(Problem description): In the entries below, which lines run from the one with "Image No.5-14 Bed Cortijo for sale" through the one with "Sexy Bhabhi Bath"? Repeat exactly those, both included, and no pictures.

(Exercise materials):
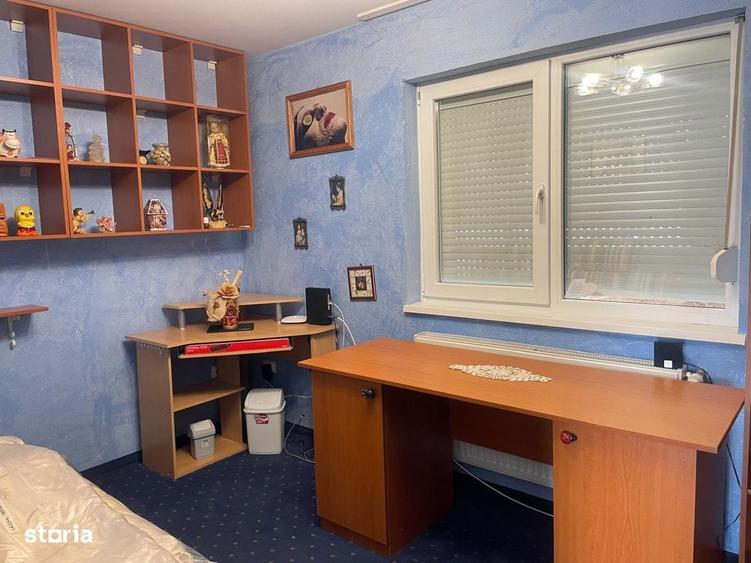 Casă cu 4 camere cu Teren 453 Mp în Câmpului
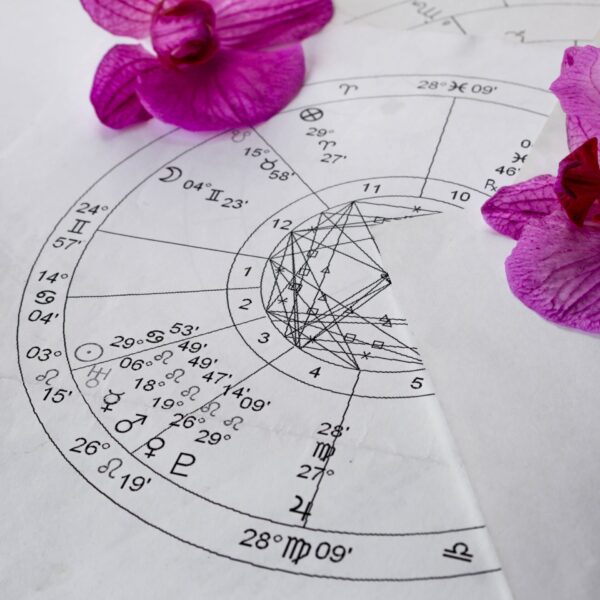 Tu carta natal no marca tu destino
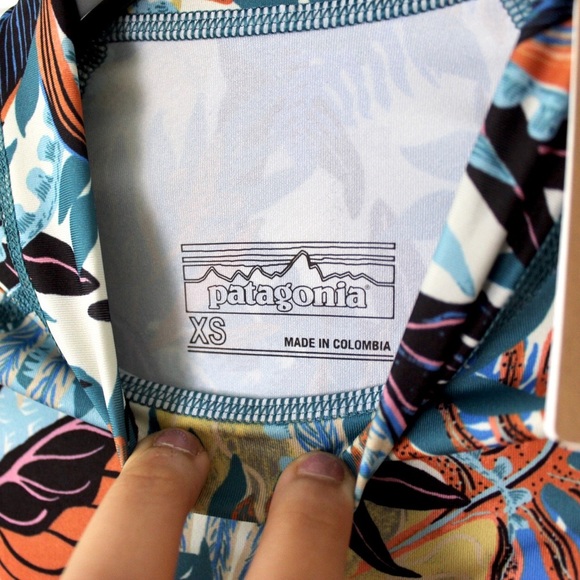 Patagonia | Micro Swell Rashguard 50+ UPF - Picture 5 of 8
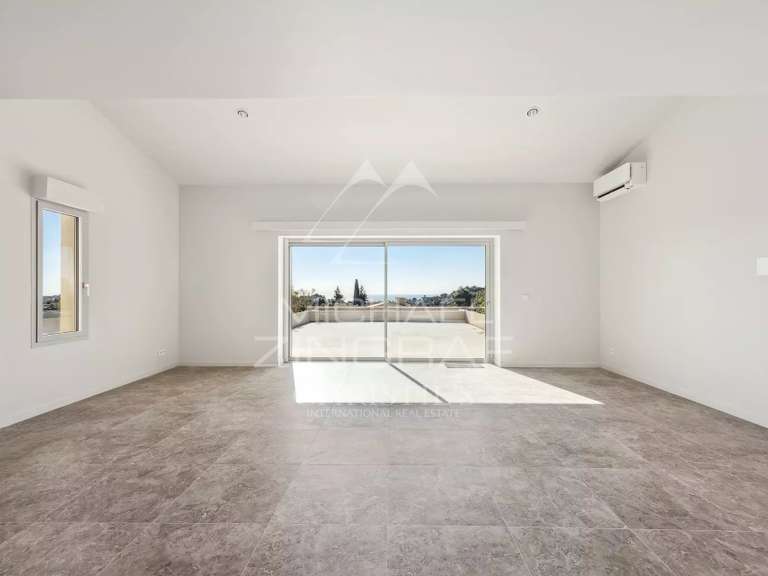 Apartment Cagnes-sur-Mer - 3 bedrooms - 141m²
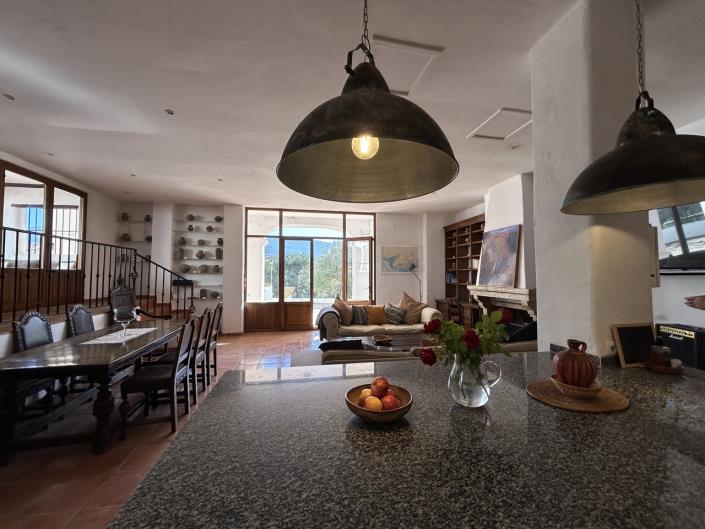 Image No.5-14 Bed Cortijo for sale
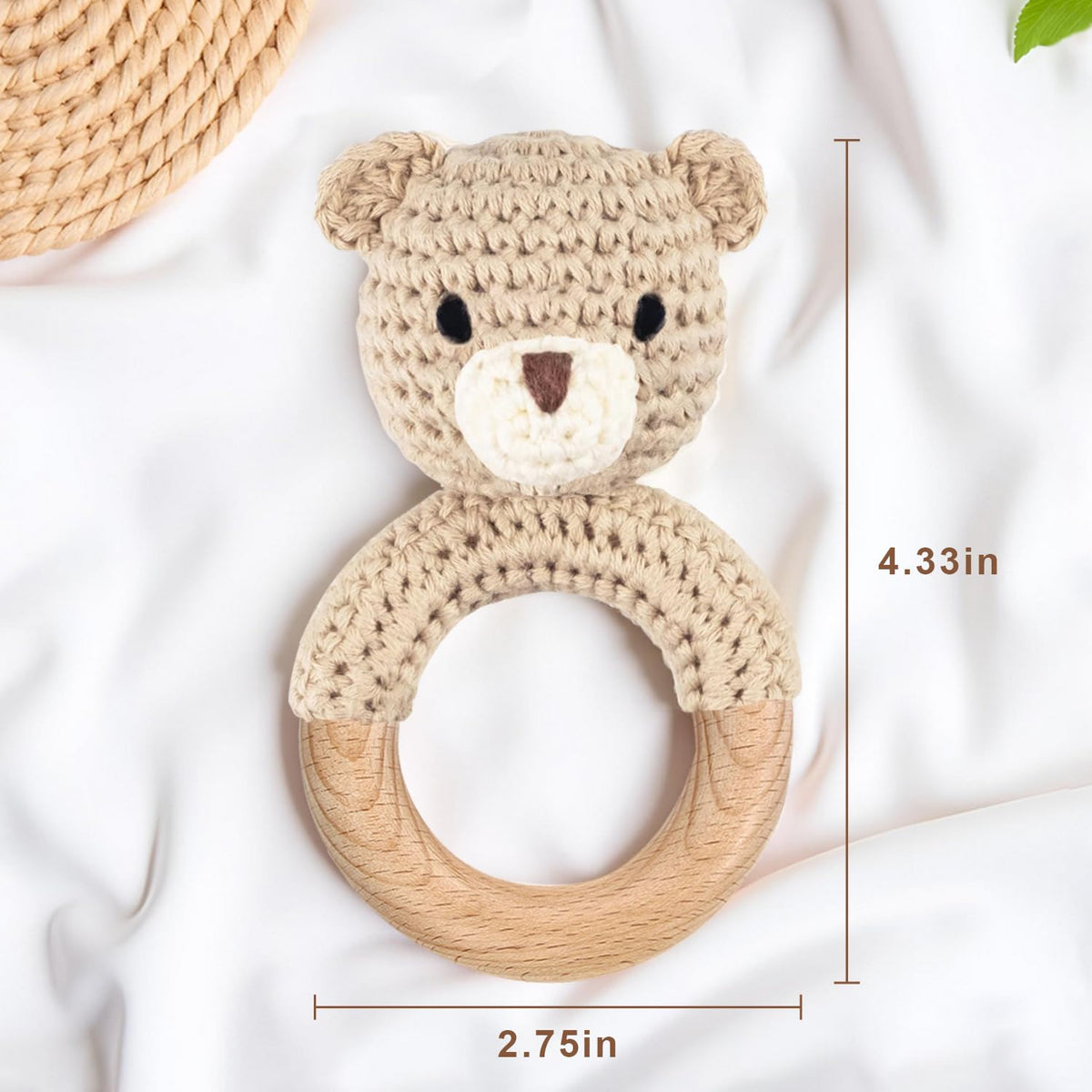 Gnigpclo Wooden Baby Rattle – Handmade Crochet Bear with Wood Teething Ring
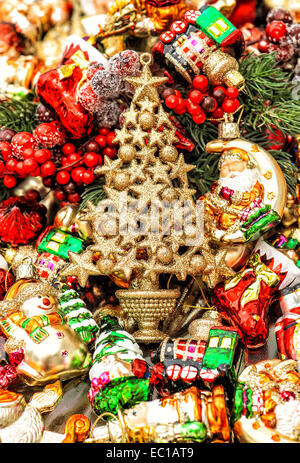 Golden albero di natale con baubles, giocattoli e ornamenti colorati Foto Stock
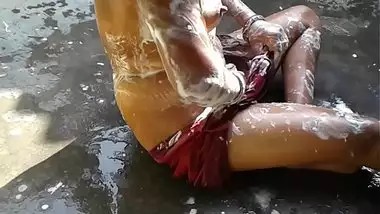 Sexy Bhabhi Bath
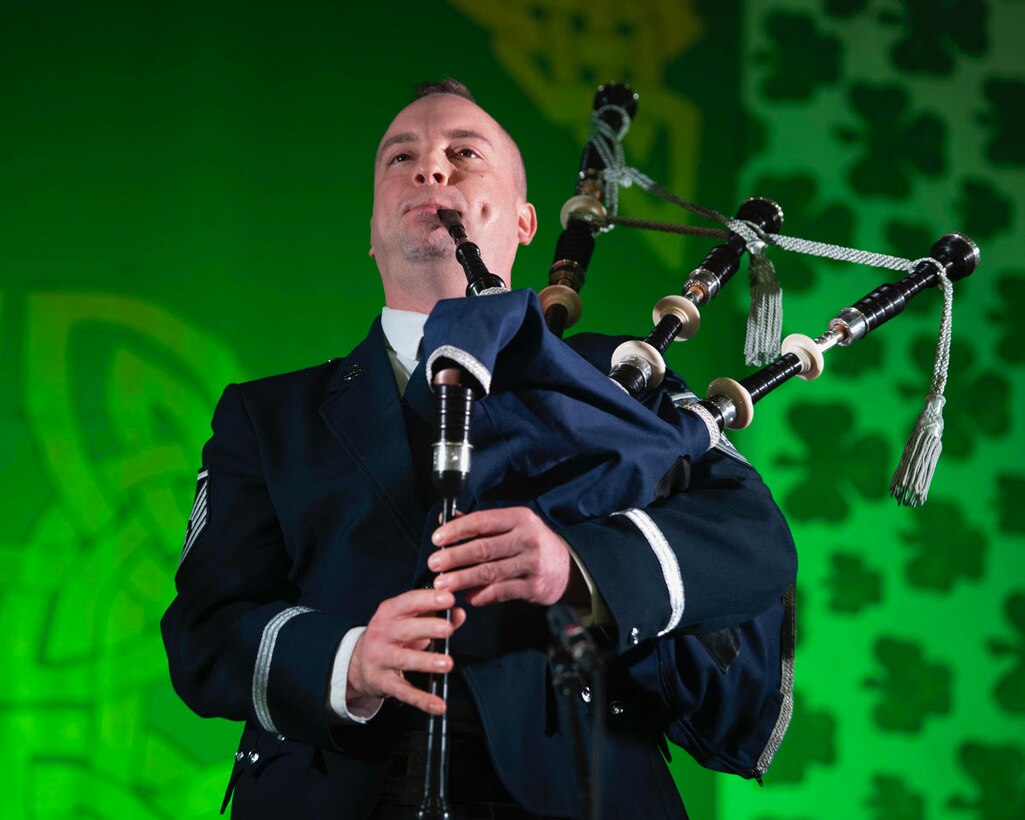 Celtic Aire’s performances at the Alaska Scottish Highland Games in Palmer, Alaska will feature expanded instrumentation that includes performances by Master Sgt. Adam Tianello on bagpipes. Master Sgt. Tianello (pictured above) is the U.S. Air Force’s only bagpiper. Here, Master Sgt. Tianello performs at the North Texas Irish Festival in March 2020. (U.S. Air Force photo by Staff Sgt. Jared Duhon)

(Task output):
 Image No.5-14 Bed Cortijo for sale
 Gnigpclo Wooden Baby Rattle – Handmade Crochet Bear with Wood Teething Ring
 Golden albero di natale con baubles, giocattoli e ornamenti colorati Foto Stock
 Sexy Bhabhi Bath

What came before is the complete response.